Google’s updated Terms of Service has made it clear that files and messages stored, sent and received through Gmail, Google Drive and its other services could be used by Google and its partners for a variety of purposes.
The previous ToS had just mentioned that content it could use “upload, or otherwise submit content to [Google’s] Services”. This wording has become more specific, encompassing anything users “upload, submit, store, send or receive content to or through [Google’s] Services”.
Google states the following in its updated ToS:
When you upload, submit, store, send or receive content to or through our Services, you give Google (and those we work with) a worldwide license to use, host, store, reproduce, modify, create derivative works (such as those resulting from translations, adaptations or other changes we make so that your content works better with our Services), communicate, publish, publicly perform, publicly display and distribute such content.
It also added the following paragraph regarding email:
Our automated systems analyze your content (including emails) to provide you personally relevant product features, such as customized search results, tailored advertising, and spam and malware detection. This analysis occurs as the content is sent, received, and when it is stored.
Of course, Google’s business model is around highly targeted ads, so its intent is more to find particular trends and keywords rather than explicitly reading emails or posting them publicly. In its privacy statement, Google notes, “We may share aggregated, non-personally identifiable information publicly and with our partners – like publishers, advertisers or connected sites.”
Also, facing a lawsuit from privacy advocates last year, Google said, “all users of email must necessarily expect that their emails will be subject to automated processing.” Of course, it’s difficult to draw a fine line between what’s reasonable “automated processing” and an invasion of privacy.
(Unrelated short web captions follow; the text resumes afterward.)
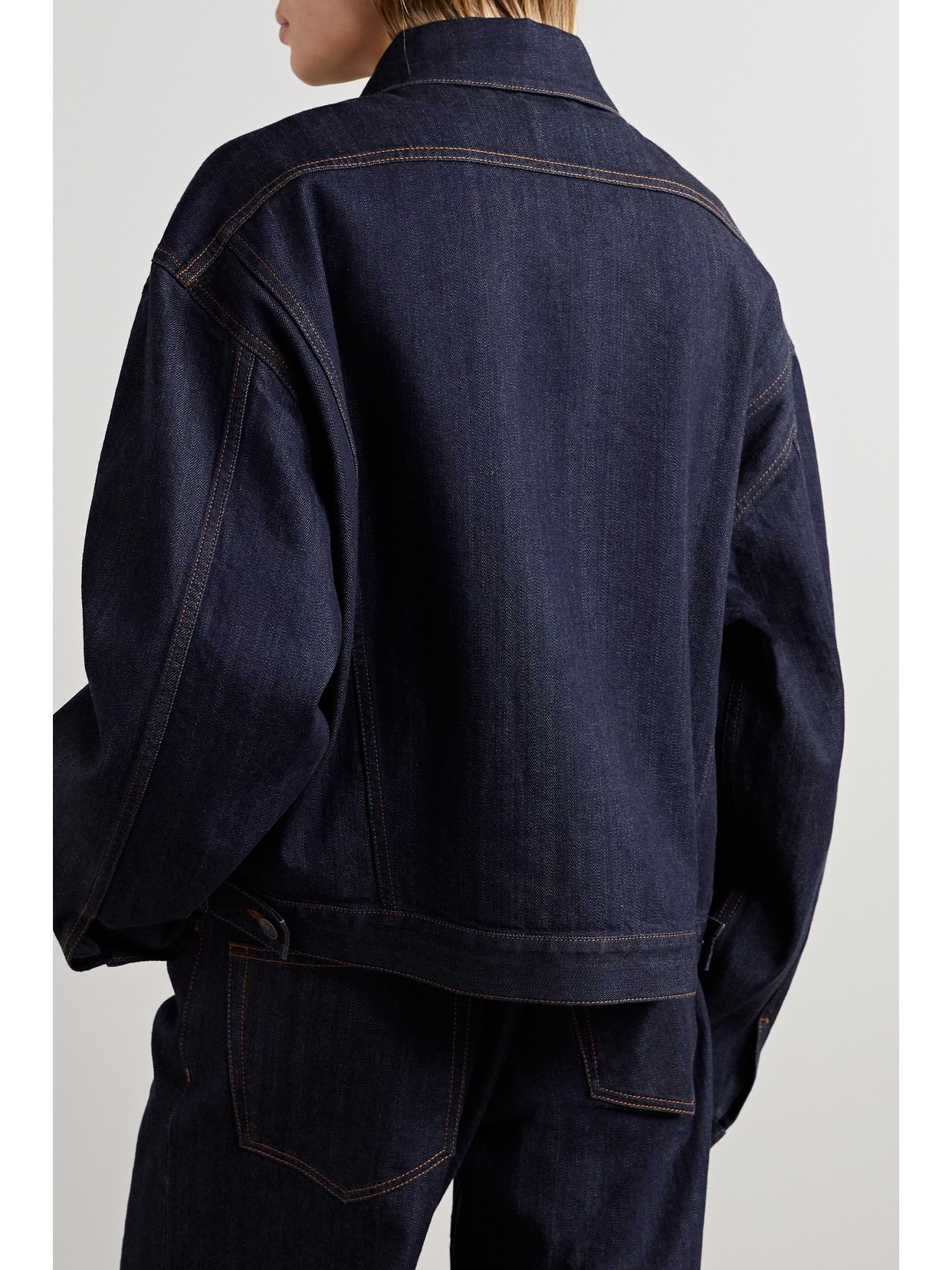 Shop The Row Ness Oversized Denim Jacket In Blue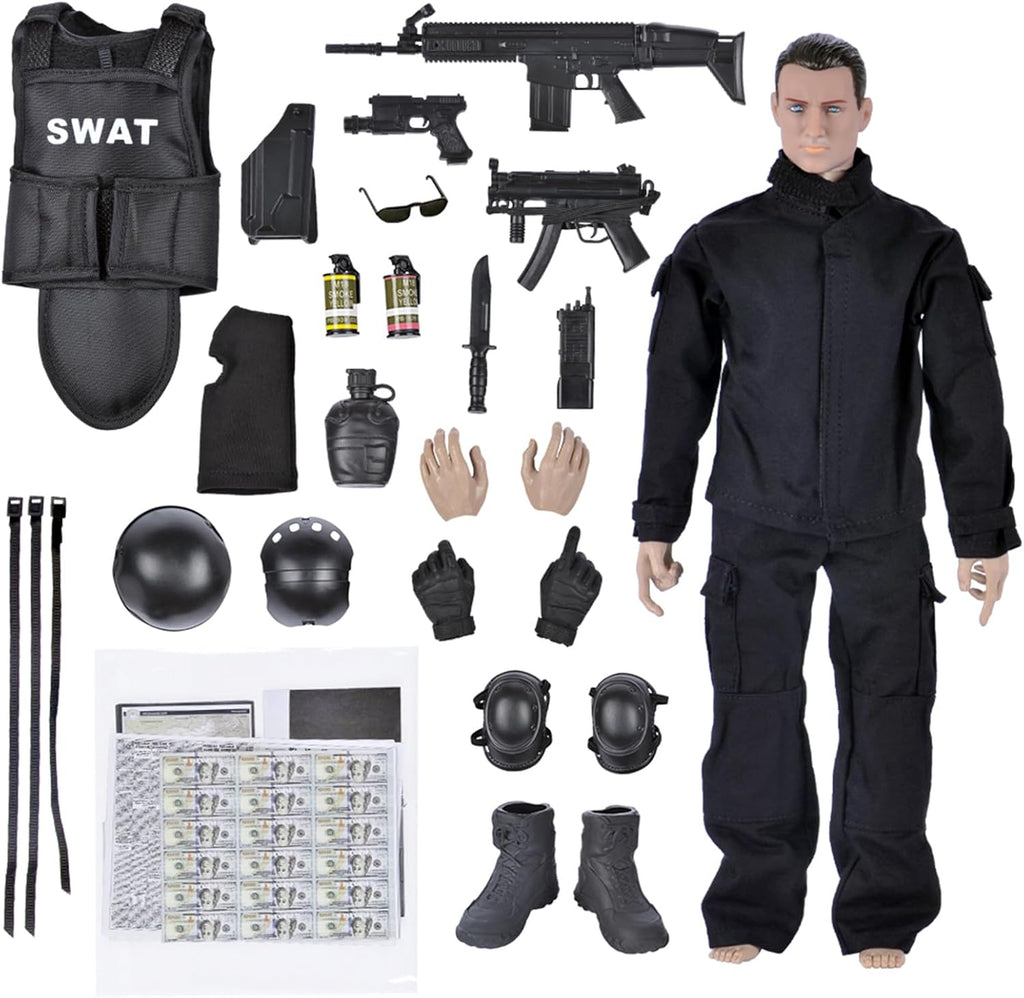 12 inch action figures military set, 1/6 scale, side view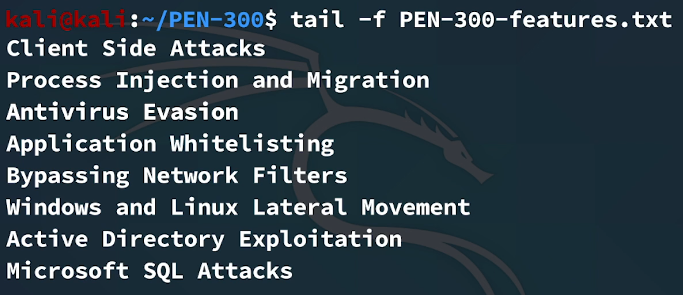 Well at least the OSEP will cover some AD, so that people can first take OSCP and then OSEP :)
Other email providers are becoming more aware of the blowback from accessing user accounts. Microsoft recently introduced a policy around its email service, Hotmail, that would require Microsoft to present evidence to an outside attorney before looking in users’ accounts. This was in response to an incident where Microsoft accessed a user account to find the source of a code leak.
While there are many that are likely outraged over Google updated ToS, Google contends that it is being more open with how it is operating, allowing users to make more informed decisions on where they place their data and their trust. This will provide opportunities for email and cloud providers to compete on privacy policies in addition to other features.